On a recent day at his parents home, Eliasson fingered an unplugged guitar in the shape of a violin, which was modeled after one that Paul McCartney plays. He recalled how he got his first taste of guitar-making in the eighth grade at Clarksville Middle School when he was given a kit by his father, Orn Eliasson, a pulmonologist in Baltimore.
"The idea of building an acoustic guitar with my dad seemed like fun, but it was a lot more hard work than I expected," he said. "But the end result justified the arduous process."
By his sophomore year at River Hill High, the AP art student was taking a second crack at making a guitar, this time from scratch. He said his dad assisted again, both of them neophytes with "a lot of books" to guide them.
"We were extremely anal about every single point, stressing over every little mistake and trying to correct them over and over," Eliasson said.
That high standard still applies, years after starting with the most basic tools and progressing to the well-stocked workshop in the basement of his parents' home that he uses today.
He has made 15 or 16 acoustic and electric guitars and has another dozen in the works. Despite that inventory, he said he isn't seeking commissions right now.
Nadia Eliasson, a language arts teacher, said her son has always been a high achiever. "We pushed Paul like all good parents do," she said. "But he is very demanding of himself."

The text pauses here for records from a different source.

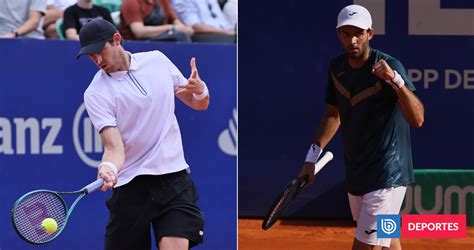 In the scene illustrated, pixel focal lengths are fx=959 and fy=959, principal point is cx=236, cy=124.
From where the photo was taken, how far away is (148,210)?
5090mm

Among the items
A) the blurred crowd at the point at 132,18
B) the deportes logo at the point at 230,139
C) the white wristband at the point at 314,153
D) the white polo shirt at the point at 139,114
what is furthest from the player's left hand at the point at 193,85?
the blurred crowd at the point at 132,18

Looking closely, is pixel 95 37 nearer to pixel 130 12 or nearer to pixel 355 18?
pixel 355 18

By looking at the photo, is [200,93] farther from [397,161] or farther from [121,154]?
[397,161]

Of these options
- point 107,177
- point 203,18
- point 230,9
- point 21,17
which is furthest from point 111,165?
point 230,9

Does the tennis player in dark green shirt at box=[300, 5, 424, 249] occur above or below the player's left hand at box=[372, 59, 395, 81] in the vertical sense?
below

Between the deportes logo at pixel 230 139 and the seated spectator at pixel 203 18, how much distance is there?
53.9 inches

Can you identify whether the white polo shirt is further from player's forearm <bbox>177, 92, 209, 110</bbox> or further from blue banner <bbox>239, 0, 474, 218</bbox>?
blue banner <bbox>239, 0, 474, 218</bbox>

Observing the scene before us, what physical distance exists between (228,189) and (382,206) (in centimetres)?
200

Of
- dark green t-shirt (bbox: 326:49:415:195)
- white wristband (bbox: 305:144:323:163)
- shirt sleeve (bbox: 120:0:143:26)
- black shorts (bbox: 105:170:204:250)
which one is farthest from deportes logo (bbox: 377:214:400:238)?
shirt sleeve (bbox: 120:0:143:26)

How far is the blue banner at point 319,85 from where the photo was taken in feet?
26.3

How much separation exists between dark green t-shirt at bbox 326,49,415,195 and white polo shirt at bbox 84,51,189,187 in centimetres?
103

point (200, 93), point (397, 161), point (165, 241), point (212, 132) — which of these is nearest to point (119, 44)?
point (200, 93)

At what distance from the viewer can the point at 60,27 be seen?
8188mm

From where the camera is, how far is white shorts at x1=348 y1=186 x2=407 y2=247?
543cm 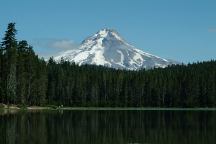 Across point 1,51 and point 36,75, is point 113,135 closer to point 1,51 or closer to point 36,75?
point 1,51

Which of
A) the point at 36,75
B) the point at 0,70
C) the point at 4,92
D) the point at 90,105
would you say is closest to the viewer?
the point at 4,92

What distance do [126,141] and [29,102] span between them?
93.3 metres

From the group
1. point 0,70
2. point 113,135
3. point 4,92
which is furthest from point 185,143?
point 0,70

Gino Molfino, chairman of the visual arts department at River Hill, has kept in touch with his former student since he graduated in 2004 and has seen examples of his work.
"I've played guitar since I was 6, and Paul's guitars are really incredible," said Molfino, who also serves as team leader for fine arts. "It was exciting to see that he'd found a way to apply what he was learning in design to something he is so passionate about."

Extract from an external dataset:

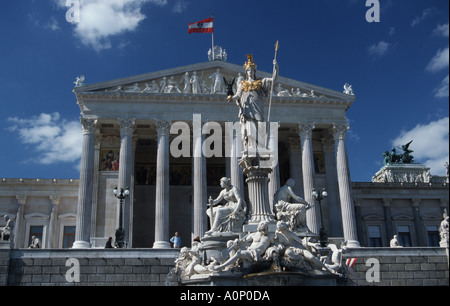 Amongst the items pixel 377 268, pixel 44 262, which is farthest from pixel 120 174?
pixel 377 268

To create his trademark style, Eliasson uses rare woods that are "extremely interesting to look at but seldom used" in guitar-making, he said. He discovered that layering different types of hardwoods and then beveling the edge of the guitar's body creates an accent with a lot of impact.

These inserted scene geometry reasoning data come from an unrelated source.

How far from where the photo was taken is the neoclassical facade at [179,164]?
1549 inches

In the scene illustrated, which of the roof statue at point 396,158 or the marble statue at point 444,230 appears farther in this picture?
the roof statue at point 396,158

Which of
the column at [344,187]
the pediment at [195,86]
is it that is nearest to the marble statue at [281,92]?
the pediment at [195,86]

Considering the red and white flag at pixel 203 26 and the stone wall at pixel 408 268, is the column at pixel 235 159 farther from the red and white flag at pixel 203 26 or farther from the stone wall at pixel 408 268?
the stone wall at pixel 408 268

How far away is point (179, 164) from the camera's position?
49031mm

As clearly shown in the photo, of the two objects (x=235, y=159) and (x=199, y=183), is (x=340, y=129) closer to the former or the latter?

His methodology involves tracing his design from paper to plywood, then using that template to guide a scroll saw in carving the body. He estimates he puts about $500 worth of materials in each instrument.
Noting that he plays guitar but isn't a "Peabody virtuoso," he said that he's not as interested in the performing arts as he is the visual arts. Yet, he loves all kinds of music - from classical to classic rock to country - and makes the sound of his guitars a priority.
He is awaiting approval of a patent on a nut, which is the ledge at the upper end of the fingerboard that the strings pass over. To be named "The Eliasson Compensated Nut," it would allow a guitar to be tuned on a much finer scale, he explained.
"I invest a lot of myself in what I do," he said about his art. "It has to look professional and be an original-looking and well-playing guitar. It has to be perfect."